Генетики признавали реальной лишь эволюцию на основе случайных мутаций в генах. Их противники, включая ламаркистов, считали, что одного этого механизма недостаточно, чтобы понять эволюцию.

Уже начиная с работ Иогансена и И. И. Шмальгаузена было понятно, что мутация гена – это по существу его поломка. Следовательно, в понимании классических генетиков развитие органического мира есть эволюция на основе «поломок» или «уродств», как выражался Т. Д. Лысенко. Правда, Т. Д. Лысенко это говорил применительно к практике получения новых форм в сельском хозяйстве с помощью мутагенных средств.

С открытием роли ДНК в синтезе белков стало понятно, что мутационный процесс ведет к изменению линейной последовательности белкой молекулы, что может частично или полностью сделать ее нефункциональной. Сразу заметим, что на эту нефункциональность молекул, вызванных их поломками, организм как-то должен отреагировать. Предположение о существовании таких ответных реакций составляет суть ламарковского подхода. Во второй половине XX выяснилось, что существуют регуляторные гены (регуляторные области гена), которые включают другие гены (кодирующие области гена), вырабатывающие функциональный продукт. Мутации в этом случае не связаны с поломками функциональных продуктов, кодируемых генами. Следовательно эти мутации мы можем рассматривать в рамках других схем объяснения, не через метафору поломок генов, которые безусловно существуют, раз есть генетические болезни. Можно, например, говорить о переключении генов в некотором органе с одного режима работы на другой. И такой способ объяснения будет подчеркивать принципиальное отличие данного типа мутаций, от тех которые вызывают в организме поломки. Например, отсутствие вершинного черного пятна между жилками R2+3 и R4+5 на крыле некоторых видов дрозофил связано не с тем, что поломался соответствующий ген и определяемый им белок стал дефектным, но в силу того, что временно отключилась в данном органе (в крыле) последовательность реакций, ведущая к данному признаку. Скорее всего «мутации» в регуляторных областях лежат в основе вавиловского закона параллелизмов генетической изменчивости. Во всяком случае у двукрылых насекомых широкие параллелизмы в рисунке крыла представителей некоторых семейств связаны с этим. Причем частота этих регуляторных «мутаций» зависит от каких-то внутренних причин. Иначе не понять, почему диверсификация в одних родственных группах осуществляется по признакам рисунка крыла, в других – по окраске тела, в третьих по особенностям строения ног и. д.

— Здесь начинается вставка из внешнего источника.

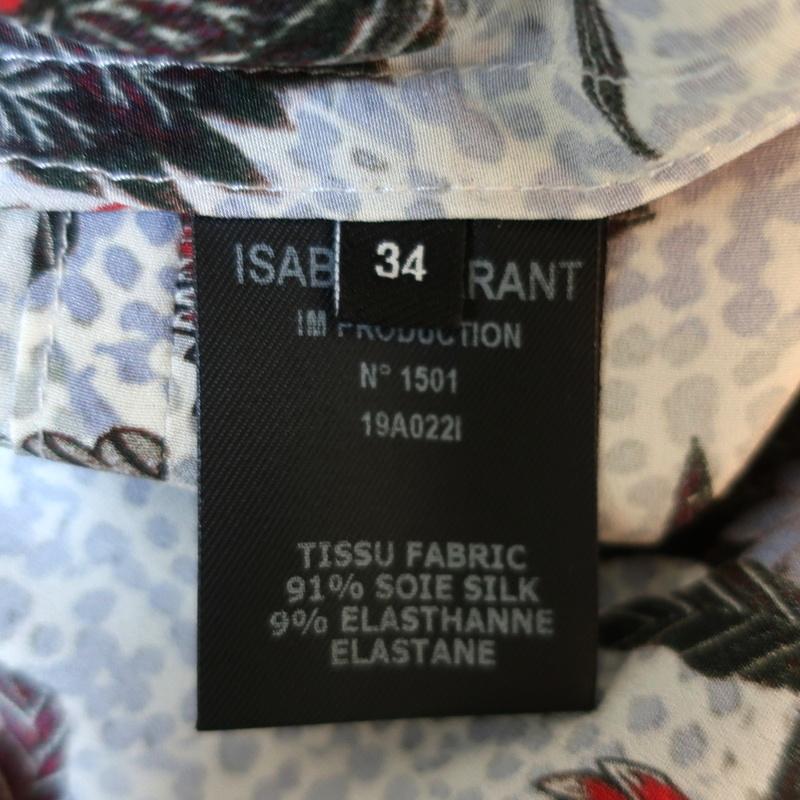 Isabel Marant Midi Dress Olympia White/Multi Printed Silk Size 34 Long Sleeve available at CelebrityOwned.com img_9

Эти изменения не случайны в том плане, что они осуществляются в рамках определенных коррелятивно связанных в своем развитии морфологических структур (паттернов) и, следовательно, зависят в своем выражении от последних. Мы продолжим эту интересную тему с более общих позиций в разделе 7. 8.

Несколько слов о том, что будто бы Т. Д. Лысенко отрицал менделевские законы. Об этом говорили и говорят до сих пор многие. Вот мнение Н. П. Дубинина, высказанное им еще до войны в своем докладе на дискуссии 1939 г. Текст своего доклада он также привел в своей книге (Дубинин, 1975). Обращаясь к Т. Д. Лысенко, Н. П. Дубинин (1939, с. 184) сказал: «Вы вчера говорили, что, исходя из философии диалектического материализма, можно отрицать закономерность расщепления по типу 3:1, вы писали это и раньше*. Но ведь получается же расщепление потомков гибридов по одной паре признаков в отношении 3:1, это объективно существующий факт». (*Лысенко Т. Д. Ментор – могучее средство селекции. Яровизация, 1938, вып. 3. ).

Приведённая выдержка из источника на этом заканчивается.